I stayed outside all day today, under a tree, gripping my book with sticky fingers, squinting into the sun. The spotted triumverate lay next to me, keeping their eyes on me. They take it in turns to watch me and I realize that they know what's going on. They know that the house feels empty. They watch me at night too, forming a circle around the bed, coming to lick my hand or nuzzle their way under the duvet when I wake up at 3.
I don't know what's going on. I can't predict the outcome. I know I have to show up once or twice a week and speak my truth and listen. I know I am thin, that my body doesn't want food, that my heart feels strange. I run. I walk. I ride. I read. I write. I sleep. I wake. I get extra hugs from the children. People check in on me because they worry.
I don't feel sorry for myself. It's just a new strange land, this land of limbo. There are no rules, no walls, no ground beneath my feet. I think about being six and scared of the goblins under the cupboard. I put on heels and lipstick and lift my chin and go out into the world and people say "You look great." And I smile and wonder wryly why I didn't go on this diet years ago.

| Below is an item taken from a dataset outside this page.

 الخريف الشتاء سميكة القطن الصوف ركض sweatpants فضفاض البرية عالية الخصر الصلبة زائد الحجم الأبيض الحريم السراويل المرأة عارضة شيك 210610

I think about Paul Simon and the window in your heart (everybody sees you're blown apart). I think about Paris and my twenty-first birthday and the grey and yellow checked dress I wore in the Tuilleries Gardens and the picture you have of me licking my ice cream cone and smiling at you behind my father's old RayBans. I think about that grand gesture, how you wanted to take me to Paris because I'd never been and how it was perfect and you spoiled me, and we couldn't sleep at night and flung open all the windows in that ancient hotel because it was so hot in the city, which smelled of overripe melon and baking bread.
My thoughts keep circling back to you. I'm reminded of you when you bid friends goodbye at the airport, having been just a tiny bit irritated that they stayed too long. But when they leave you say "I really, really miss him. I hope he comes back soon."